In the 2025-26 academic year, Winston said, the MCCSC board set two priorities: achieving fiscal balance and sustaining academic excellence. To achieve this, the school corporation adopted a two-year strategy last year focused on addressing declining enrollment, corresponding staff imbalances and Senate Enrolled Act 1, which reduced funding for public schools by cutting local property taxes — a stream of income schools across Indiana rely on. Winston said MCCSC is living within its corporation wide budget.
“We made tough decisions to tighten our belt and to align our staffing levels to student enrollment realities,” Winston said.
MCCSC receives state funding that covers instructional costs like salaries and benefits for teachers. The amount of state funds the school corporation receives depends on student enrollment numbers. Operational costs, such as wages for custodial staff and building maintenance costs, are funded by local property taxes.
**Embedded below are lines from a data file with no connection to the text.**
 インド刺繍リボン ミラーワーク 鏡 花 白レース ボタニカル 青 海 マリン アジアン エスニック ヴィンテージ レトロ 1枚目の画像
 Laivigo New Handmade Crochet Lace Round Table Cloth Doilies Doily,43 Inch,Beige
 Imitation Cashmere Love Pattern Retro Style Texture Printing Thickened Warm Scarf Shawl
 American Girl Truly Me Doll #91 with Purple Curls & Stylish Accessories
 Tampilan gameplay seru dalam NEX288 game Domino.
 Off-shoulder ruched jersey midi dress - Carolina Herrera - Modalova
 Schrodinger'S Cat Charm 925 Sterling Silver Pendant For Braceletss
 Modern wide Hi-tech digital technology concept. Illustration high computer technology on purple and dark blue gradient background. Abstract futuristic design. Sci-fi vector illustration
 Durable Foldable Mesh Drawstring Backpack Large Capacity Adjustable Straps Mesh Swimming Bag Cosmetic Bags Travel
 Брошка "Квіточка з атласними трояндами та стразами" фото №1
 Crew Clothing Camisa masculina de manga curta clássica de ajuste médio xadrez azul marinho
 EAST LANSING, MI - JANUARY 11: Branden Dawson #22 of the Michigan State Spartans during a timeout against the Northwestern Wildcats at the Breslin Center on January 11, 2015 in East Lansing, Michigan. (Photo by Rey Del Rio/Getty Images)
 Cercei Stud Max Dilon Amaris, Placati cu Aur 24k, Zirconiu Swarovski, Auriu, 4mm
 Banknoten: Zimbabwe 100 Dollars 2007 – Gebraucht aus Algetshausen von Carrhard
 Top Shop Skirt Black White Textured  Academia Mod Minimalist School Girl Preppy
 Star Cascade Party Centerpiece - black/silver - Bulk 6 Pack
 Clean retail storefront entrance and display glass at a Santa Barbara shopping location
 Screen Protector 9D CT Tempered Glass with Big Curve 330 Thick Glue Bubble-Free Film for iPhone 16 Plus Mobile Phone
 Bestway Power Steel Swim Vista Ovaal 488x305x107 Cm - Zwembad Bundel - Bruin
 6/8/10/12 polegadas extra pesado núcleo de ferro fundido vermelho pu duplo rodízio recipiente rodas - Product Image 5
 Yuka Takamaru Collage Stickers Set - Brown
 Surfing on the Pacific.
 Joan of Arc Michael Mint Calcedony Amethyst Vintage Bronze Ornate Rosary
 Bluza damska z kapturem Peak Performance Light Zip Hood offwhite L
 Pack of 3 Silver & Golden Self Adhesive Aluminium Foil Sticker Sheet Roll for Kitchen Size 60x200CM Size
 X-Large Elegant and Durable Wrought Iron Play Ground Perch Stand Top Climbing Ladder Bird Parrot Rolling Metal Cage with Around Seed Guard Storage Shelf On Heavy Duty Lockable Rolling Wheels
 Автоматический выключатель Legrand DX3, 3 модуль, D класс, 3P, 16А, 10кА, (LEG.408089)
The corporation serves approximately 10,000 students. A decline in enrollment is due in part to Monroe County's declining birth rate. MCCSC cites other factors contributing to lower enrollment, including high housing costs, low labor growth and increased participation in Indiana’s Choice Scholarship program.
MCCSC is projected to lose over $30 million by 2031 due to SEA 1. In May 2025, the corporation eliminated 61 non-classroom positions, including custodial, food service and health aide staff. For this academic year, no teachers faced lay-offs.
“Budget change is hard, I get it,” Winston said, “and yet we know this is the right decision for us to make for the future of our beloved school corporation.”
Winston also mentioned MCCSC’s financial transparency portal that debuted in January. The purpose of the portal, she said, is to make MCCSC’s finances “everybody’s business”: easy to find and understand.
“This is how we are leading,” Winston said.
The portal is in addition to quarterly financial transparency reports that began last February, and the school corporation’s first referendum fiscal impact report was released this summer. The most recent quarterly report was released in November.
“We are financially stronger today than we were one year ago,” Winston said.
Winston also said she was proud of MCCSC for adapting to state legislative changes, citing the school corporation’s responsibility in managing bond funding, strengthening internal controls and planning strategically for the future.
“My promise tonight is that we will continue to be good stewards of your dollars in support of our children,” Winston said.